LAC+USC Medical Center renamed to L.A. General Medical Center
The Los Angeles County+USC Medical Center has been renamed to L.A. General Medical Center, Supervisor Hilda Solis, Mayor Karen Bass and hospital leaders announced at the Health Sciences Campus Wednesday morning.
The renaming aimed to reduce “widespread confusion” between LAC+USC and the Keck Hospital of USC across the street, Solis wrote in a statement, while reflecting the facility’s “rich history,” and remaining recognizable and easily understandable in Spanish and other languages. The L.A. County Board of Supervisors voted Tuesday to approve the change.
With the hospital’s new name comes a new motto: “Exceptional Care. Healthy Communities.” The rebranding followed a process involving surveys, focus groups, and “listening with patients, staff and community members,” Solis wrote.
The hospital lacked a “consistent name or brand,” Solis said, and was known not as its official name, but as General Hospital. The hospital’s original Art Deco-style building, circa 1933, served as the location for exterior shots of the TV soap of the same name. The historic building, which currently houses a wellness center, is the subject of a Request for Proposals to be repurposed into 600 housing units, at least one-fourth of which would qualify as affordable housing.
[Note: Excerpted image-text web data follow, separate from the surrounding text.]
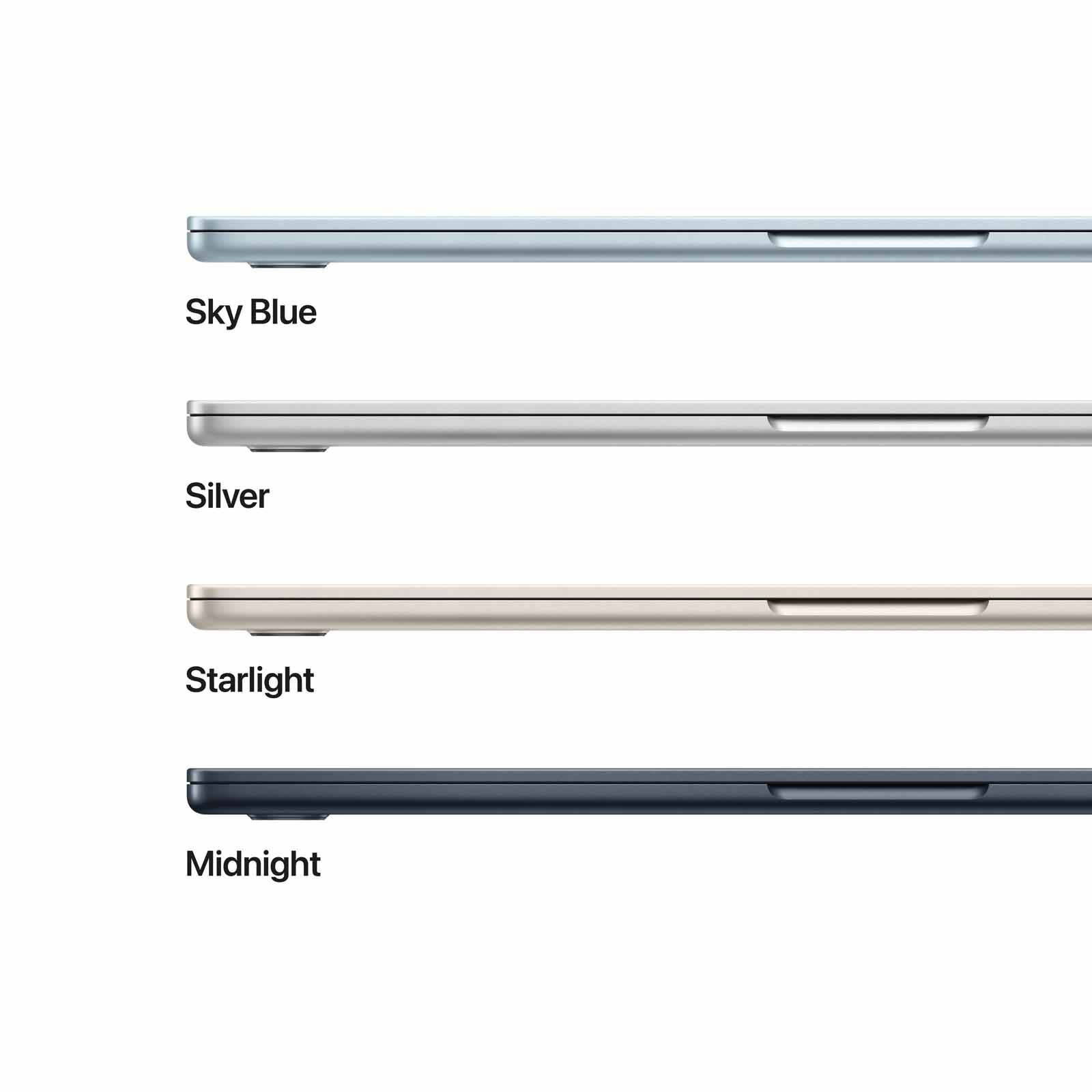 APPLE 15-inch Macbook Air: M5 Chip With 10-core Cpu And 10-core Gpu, 16gb, 1tb Ssd - Sky Blue MDVT4ZP/A - Image 9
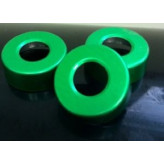 20mm Hole Punched Vial Seals, Green, Bag 1000
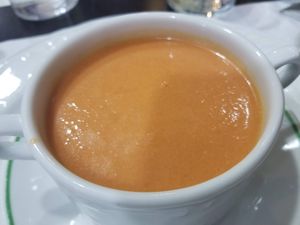 Gazpacho at Garibolo in Bilbao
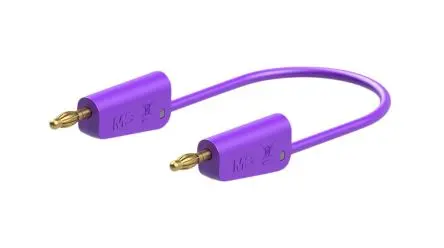 Produktfoto 1 von Staubli Messleitung 32A Stecker / Stecker, Violett Polyvinylchlorid-isoliert 50 cm, 30V, 60 V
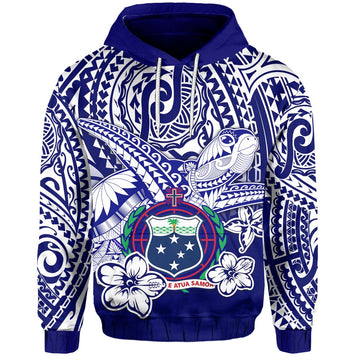 Samoa Polynesian Hoodie Samoan Loved Turtles LT13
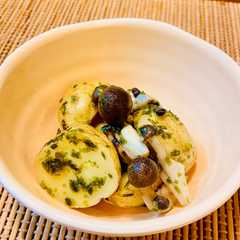 รูปของ 新じゃがのり塩バター（透析食）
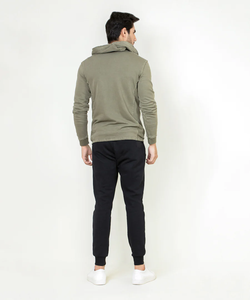 เสื้อมีฮู้ดสำหรับผู้ชายผ้าฝ้ายฝรั่งเศสเทอร์รี่คุณภาพสูงดีไซน์ซิปรูดแนววินเทจ - Product Image 4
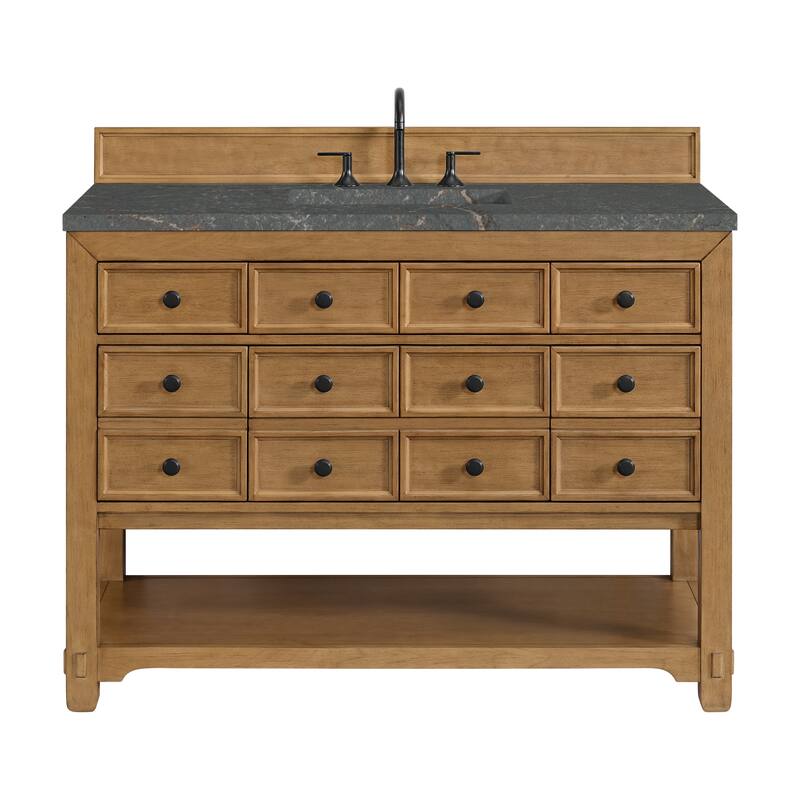 Malibu 48" Single Vanity, Amber Birch - Parisien Bleu
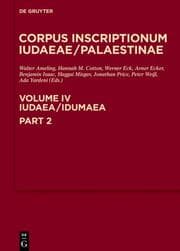 Cover von Iudaea / Idumaea: 3325-3978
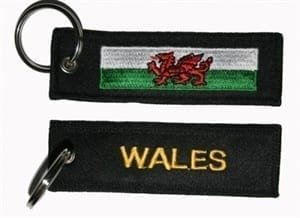 Wales flag keyring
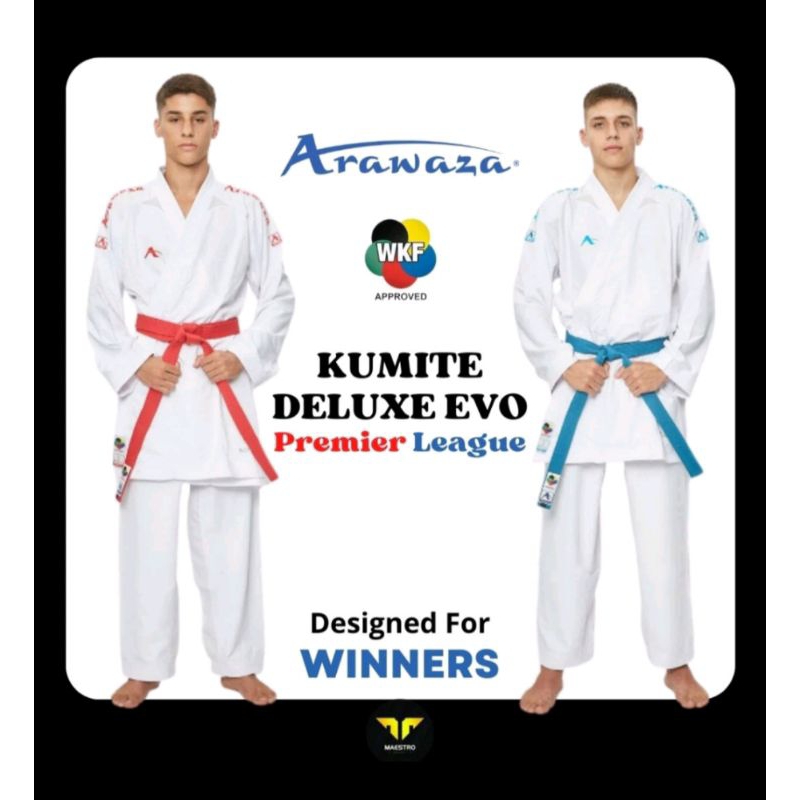 Baju Karate Gi Kumite ARAWAZA DELUXE EVO Premier League WKF APPROVED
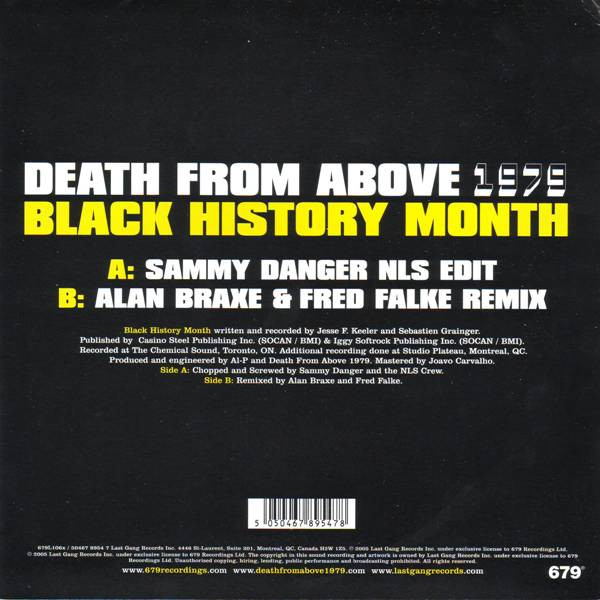 Death From Above 1979 - Black History Month | 679 (679L106x) - 2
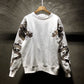 Men's embroidered crew neck sweatshirt with double arms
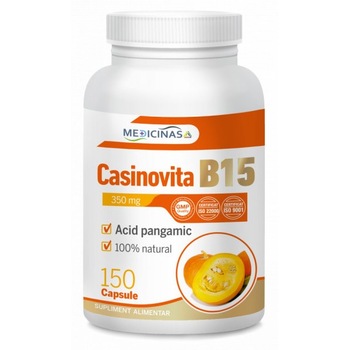 Tratament cancer, Casinovita B15 (Acid pangamic, vitamina B15), Medicinas, 150 capsule Tratament cancer, Casinovita B15 (Acid pangamic, vitamina B15), Medicinas, 150 capsule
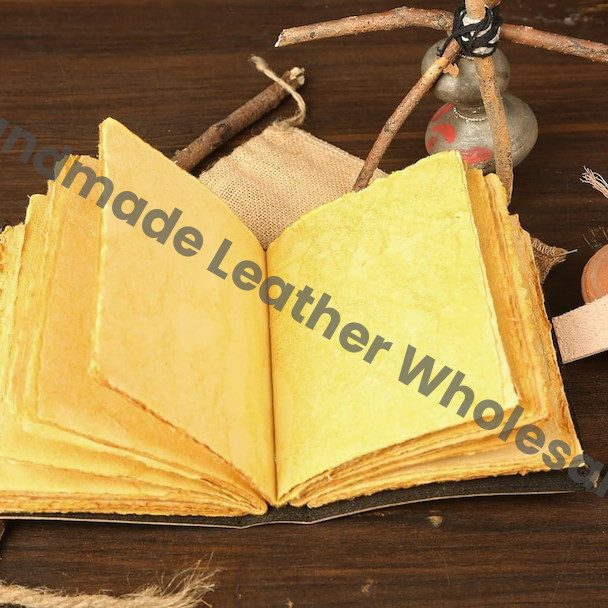 Dragon Leather Journal: Handmade Book of Shadows with Key Lock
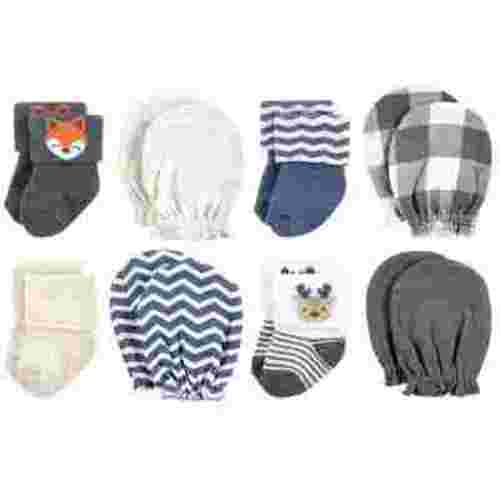 Socks and Mittens Set, Woodland Boy, 0-6 Months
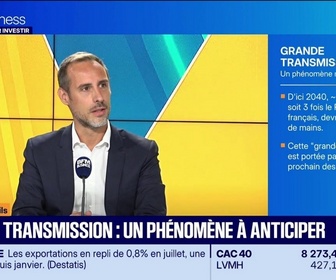 Replay Tout pour investir - La boîte à outils : Alexandre Boutin - Grande transmission, un phénomène à anticiper - 08/09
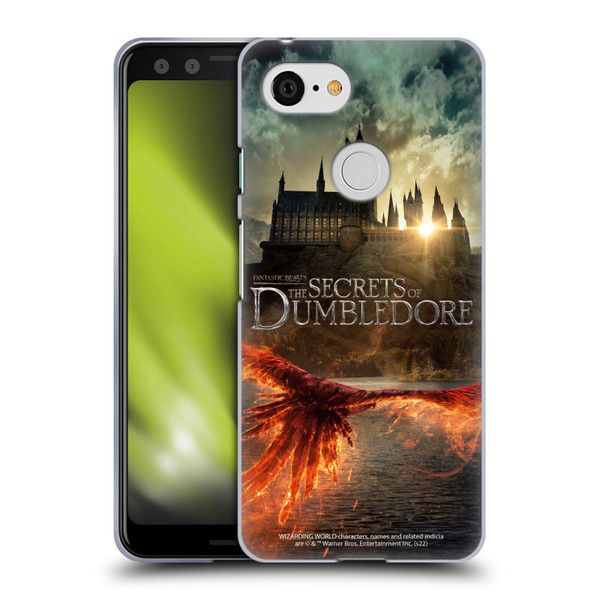 Fantastic Beasts: Secrets of Dumbledore Key Art Poster Soft Gel Case for Google Pixel 3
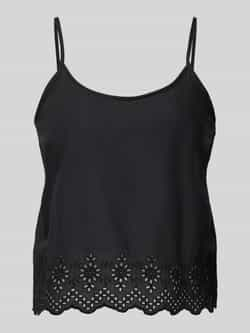 Only Blousetop met broderie anglaise model 'LOU'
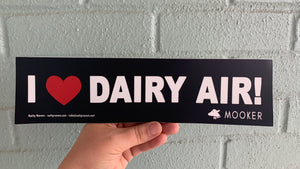 Dairy Air Bumper Stickers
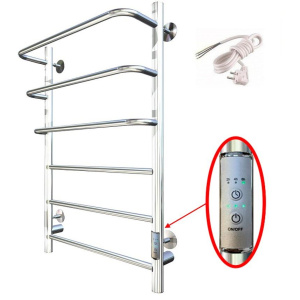 Полотенцесушитель электрический Тругор Пэк 19 80х50 с выключателем, хром Полотенцесушитель электрический Тругор Пэк 19 80х50 с выключателем, хром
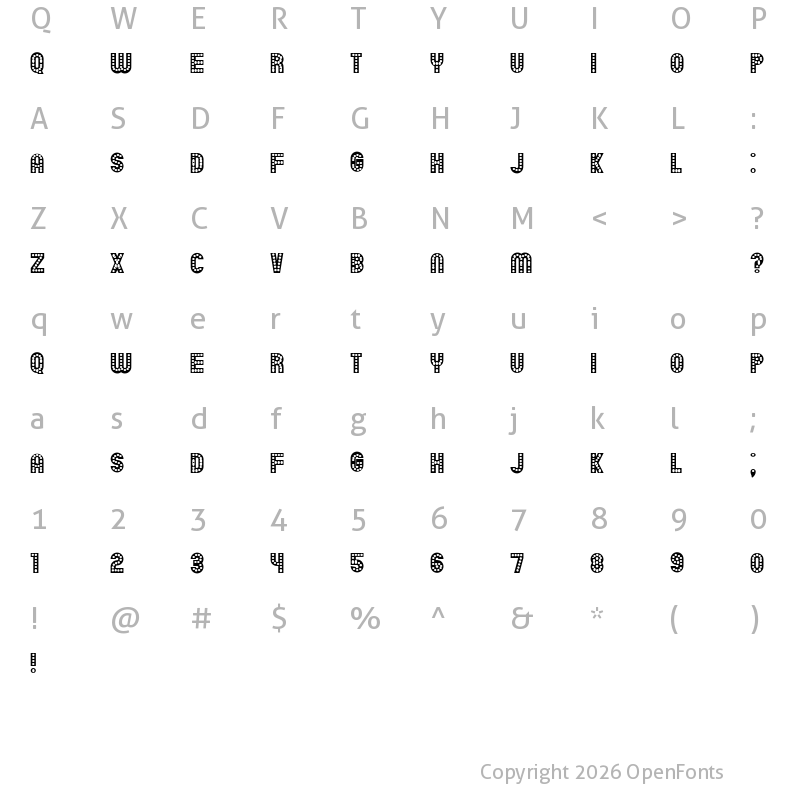 Character Map of Chicago Regular
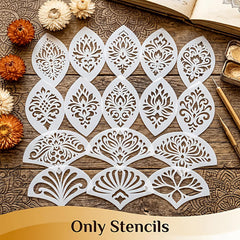 mandala stencil templates for craft projects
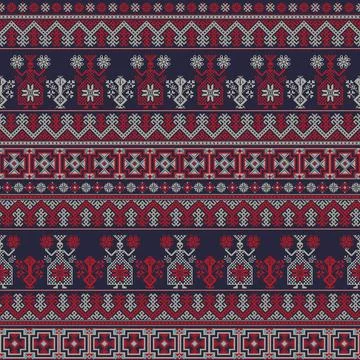 Russian pattern 7 Illustrazione stock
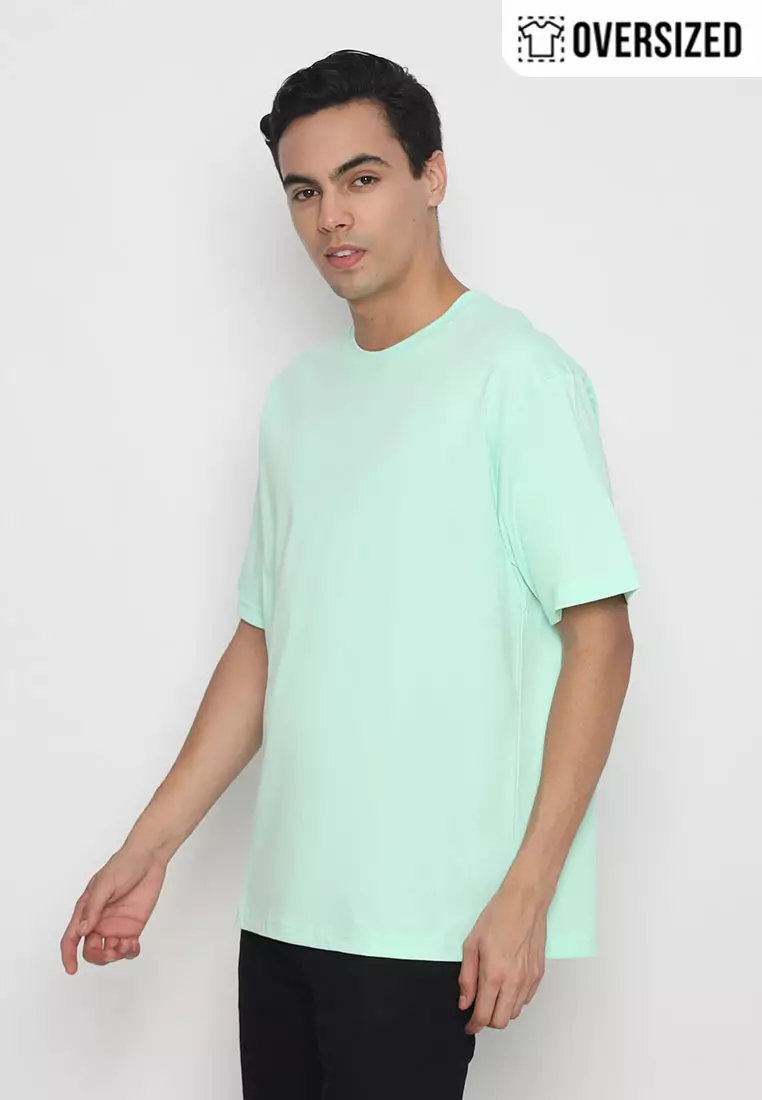 NX T-Shirt Cotton Combed Tebal Oversized Pria 2079370431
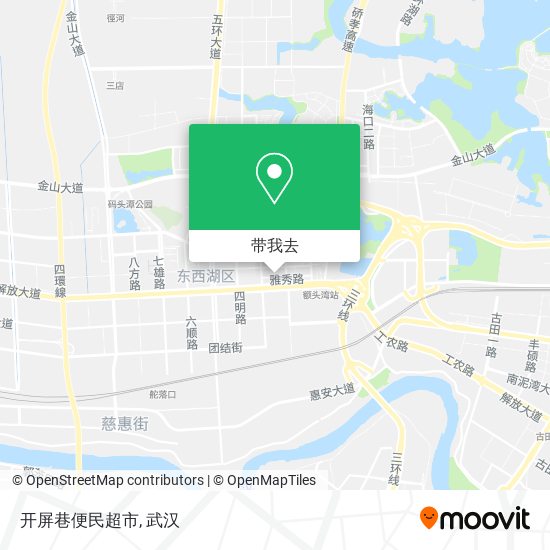 开屏巷便民超市地图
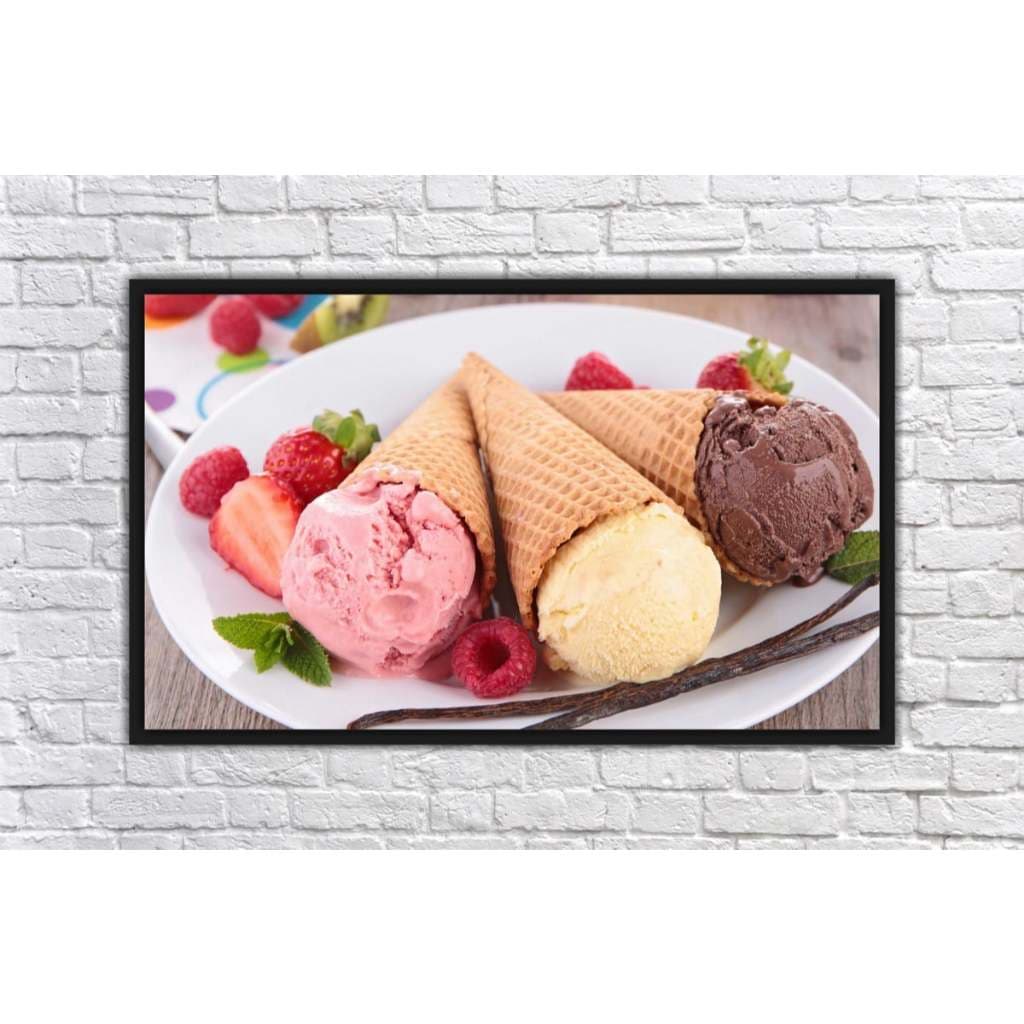 Quadro Sorvete Sorveteria Decoração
Founded in 1878 in Boyle Heights, the hospital is one of the country’s busiest, serving about 1 million in-patients and 40,000 out-patients every year. Originally named the L.A. County General Hospital, the facility launched its affiliation with the USC Medical School in 1885. It was renamed to reflect its academic partnership in 1968 and was co-branded with USC since then.
The L.A. County-USC partnership grew rocky around 2019, when LAC+USC Medical Center officials began accusing the University of mismanagement — citing instances of double-booking doctors at Keck Hospital at LAC+USC, and understaffing in several departments — according to an L.A. Times report published last May. The Daily Trojan reported later that month that the relationship had been somewhat smoothed, though USC denied breaching the two-party contract with the hospital.